光是沈晚这两个字,便要燃尽他这辈子所有的期许了。
但也许是那时的他太过冷漠,她一次又一次的呼唤从未得到他的应答,所以如今,是时候让他得到惩罚了。
以后所有人都会唤他陛下,但再也不会有人唤他萧越了。
*
子夜的雪越下越大,四处都是疏疏的落雪声。
殿前积了厚雪,穿堂而过的冷风却驱不散帐内的暖意。
如同烈火,烧尽所有的理智,让人记不起半分分离的苦涩。
喘息声声,粉融香汗。
不知何时,一场云雨初歇。
沈晚的指尖终于从她方才覆着的那枚印记上无力垂下。
她无力地眨了眨眼,问道:“还疼吗?”
萧越摇头。
如今距离铁烙落下已经有好一段时日了,怎么还会疼呢。
“我甘愿的,即便疼也甘之如饴。”
萧越拨了拨沈晚颈间汗湿的发,却不想她忽然往下缩了缩。
而后浅浅一吻落在他腰腹处那个被梅花纹样环住的“晚”字。
“你!”萧越感觉头皮一阵发麻,他伸手要将人捞起来。
可是沈晚忽然低头。
“别…别做这个…”萧越抓住她的小臂要将沈晚提上来。
沈晚的声音有些含糊不清,“我记得你以前提过,反正也是小事…我不纵着你纵着谁…”
萧越的气息逐渐紊乱。
这一夜,注定不眠。
*
新年伊始,辞岁迎新过后各人便逐渐开始忙碌起来。
除夕的一场大雪过后,南樾便不再有雪落,各处的积雪开始融化。
沉黑的宫墙露出,又被红色的绸幡装点着,人人来去匆匆,都为不日后的大典而忙碌。
萧越与沈晚二人默契得谁也没有再提分离的事,一如既往地用膳、安歇,仿佛浑然没有这件事。
可时光于无声处悄然溜走,该到来的一切终将会到来。
弘定四年,正月十八,封后大典。
皇后仪制的凤鸾穿行过文武百官的队列,直直被迎往崇光门。
城楼上,萧越穿着玄黑的十二章,神色讳莫如深,目光却不在那凤鸾上。
远处一辆丝毫不起眼的马车已经渐行渐远,而那层层帘帐掩着的金凤抬與中,空无一人。
他沉默地立在城楼上,只觉得似乎也感受不到悲伤。
因为思绪早已经是空白一片,再生不出什么波澜了。
左右礼官对视一眼,斟酌着开口提醒道:
“陛下,皇后娘娘依仗已至崇光门下,请陛下赐冠。”
萧越收回目光,应了声,“知道了。”
玄黑的衣袍一步一步随着萧越有些不稳的步履晃荡着,冕上的珠旒也摇晃磕碰着发出清脆的声响。
身后的礼官本想出声提醒面前的帝王注意仪态端方,可他们在石阶转角处忽然得以瞥见萧越脸上神色。

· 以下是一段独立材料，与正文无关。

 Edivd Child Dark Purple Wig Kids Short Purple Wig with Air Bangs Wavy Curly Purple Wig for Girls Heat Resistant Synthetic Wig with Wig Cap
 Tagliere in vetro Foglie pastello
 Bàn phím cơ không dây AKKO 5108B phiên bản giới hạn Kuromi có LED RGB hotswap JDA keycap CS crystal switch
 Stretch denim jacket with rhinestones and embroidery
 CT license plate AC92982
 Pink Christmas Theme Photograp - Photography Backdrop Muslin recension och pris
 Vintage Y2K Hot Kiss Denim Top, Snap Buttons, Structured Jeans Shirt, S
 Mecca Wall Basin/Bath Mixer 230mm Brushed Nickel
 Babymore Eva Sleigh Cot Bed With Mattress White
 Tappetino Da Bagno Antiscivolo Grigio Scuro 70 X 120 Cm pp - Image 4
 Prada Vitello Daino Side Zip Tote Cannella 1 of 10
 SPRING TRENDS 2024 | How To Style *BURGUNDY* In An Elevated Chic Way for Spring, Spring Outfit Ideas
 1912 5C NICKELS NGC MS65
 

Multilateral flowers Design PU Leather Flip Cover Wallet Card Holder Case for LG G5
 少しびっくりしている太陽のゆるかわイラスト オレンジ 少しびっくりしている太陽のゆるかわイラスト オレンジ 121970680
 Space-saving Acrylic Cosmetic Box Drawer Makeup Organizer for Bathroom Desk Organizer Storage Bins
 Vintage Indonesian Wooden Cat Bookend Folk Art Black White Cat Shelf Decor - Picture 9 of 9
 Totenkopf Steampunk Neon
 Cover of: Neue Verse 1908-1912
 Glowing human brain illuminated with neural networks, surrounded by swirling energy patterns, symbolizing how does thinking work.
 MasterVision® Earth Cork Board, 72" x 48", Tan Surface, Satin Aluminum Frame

即便只是匆匆一瞥,也还是让他们都不约而同止住了话头。
陛下弱冠就位及九五,天下四国除了西凉未有定数其余尽数收入囊中,如今又是封后结发之日,该是何等恣意?
实则怎么如同丢了魂一般。
于是他们再看萧越那摇摇晃晃的背影,一时不觉得是仪态不好,反倒琢磨出一些失魂落魄的意思来。
第128章 区区肉体凡胎,如何伤得了本公主
马车摇摇晃晃漫无目的地行驶着。
沈晚撩开车帘一角,瞥见四处人声沸沸。
她一时有些怔然,如今再见这世间之景,竟然已恍然如隔世了。
从前书上说,芜、樾、齐三国暴君当道,凉则遍生巫蛊之祸,四国都难有安居乐业之所。
她刚来这里时,东芜百姓的确面黄肌瘦者多,想必那时的南樾也是一样。
可如今的南樾四处不闭户,连小摊贩都能常见摊主不在却未有人哄抢的东西的情景。
世道是盛世还是乱世,不必要多深入朝局,观黎民百姓如何便能悉数明了。
如今太平盛世已初现一角。
可惜,她再也看不到了。
这本书中的故事也该告一段落了,她虽有一梦还未实现,可那与她无关了。
因为她也已经走到尽头了。
经年不得安稳,郁结成疾,让她如今唯剩残躯一副。
即便从此以后再没有什么性命之忧,爱恨纠缠困着她,可她的身子,也是早已养不回来了。
沈晚放下车帘,薄薄的肩背靠在车厢上,恍然忆起从前她与萧越一同去昭霖寺进香的场景。
总也点不燃的香,和那句“红尘伤寿”。
原来一切早有预料。
冥冥之中,厚重压抑又避无可避的宿命之感让沈晚觉得更加身心俱疲。
她从前总觉得事在人为,可如今的一切,让她不得不向天意低头。
天命不可违。
沈晚阖上眼,嘴角缓慢扯开一抹苍白的笑。
“阿越,你从前说让我盼着下辈子别遇到你,我却想求来世我们好好地在一起。”
“可你好像从不信这虚妄神佛轮回之说,这可…怎么办呢…”
*
夜里风寒,灯芯被吹得微微摇晃。
沈晚坐在客栈的窗边,提着笔一笔一画地写着。
她披着一件大氅,那是萧越的。
她不禁想,萧越从前穿着这件大氅环着她时,她好像就不会觉得冷了。
可如今寒风拂过,依旧遍体生寒,冰凉彻骨。